Noninvasive cell-based impedance spectroscopy for real-time probing inhibitory effects of graphene derivatives.

Three water-dispersible graphene derivatives, graphene oxide (GO), sulfonated graphene oxide (SGO), and sulfonated graphene (SG), were prepared and probed for their plausible cytotoxicity by non-invasive electric cell-substrate impedance sensing (ECIS). With Spodoptera frugiperda Sf9 insect cells adhered on gold microelectrodes as an active interface, it is feasible to monitor changes in impedance upon exposure to different graphene derivatives.
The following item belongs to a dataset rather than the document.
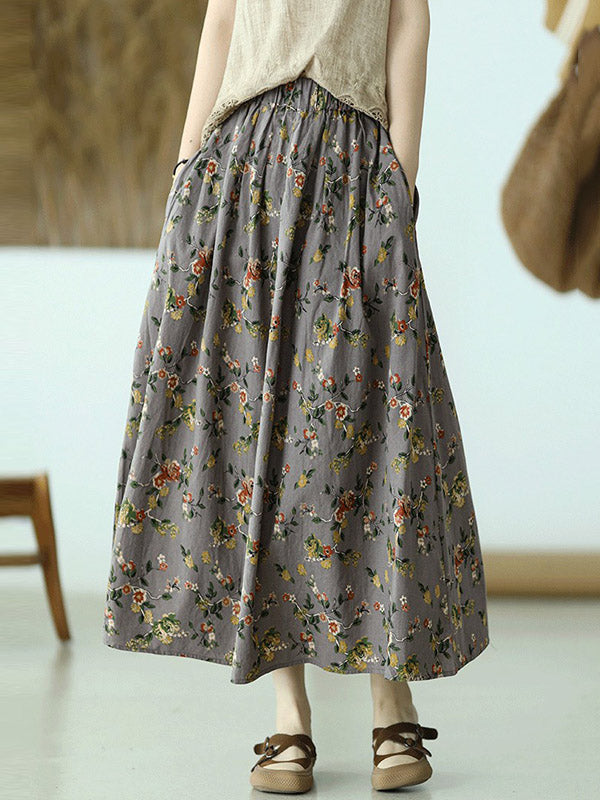 Stylish Ramie Cotton Floral Printed Loose A-Line Skirts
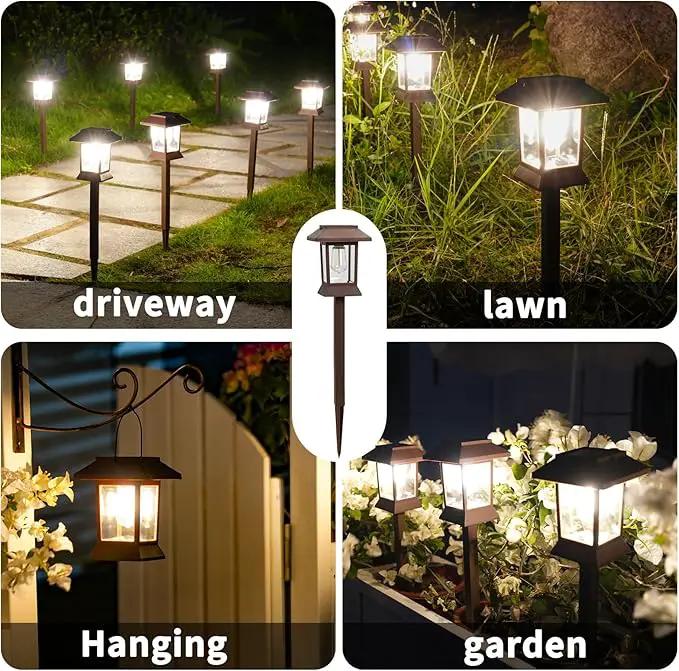 Solar Pathway Lights Outdoor Waterproof IP65, Brown Solar Lights Outdoor with Hook 6PK, Upgraded 1000mAH Battery, Up to 12Hrs, Auto On/Off, Garden Decor for Yard, Driveway, Walkway (Bulb) by GreenHaven Gardens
Sf9 insect cells were then exposed to different concentrations of graphene derivatives and their spreading and viability were monitored and quantified by ECIS in real-time. On the basis of the 50% inhibition concentration (ECIS50), none of the graphene derivatives were judged to have any significant cytotoxicity with respect to the chosen cell line as the ECIS50 values were all above 100 μg/mL. However, all graphene derivatives exhibited inhibitory effects on the Sf9 response at the cell spreading level with the following order: SG (ECIS50 = 121 ± 8 μg/mL), SGO (ECIS50 = 151 ± 9 μg/mL), and GO (ECIS50 = 232 ± 27 μg/mL), reflecting differences observed in their ζ-potential and surface area. The presence of phenyl sulfonyl groups in SGO and SG improves their aqueous dispersity which enables these materials to have a greater inhibitory effect on Sf9 insect cells in comparison to GO. Such results were corroborated well with the cell count and viability by the Trypan Blue exclusion assay.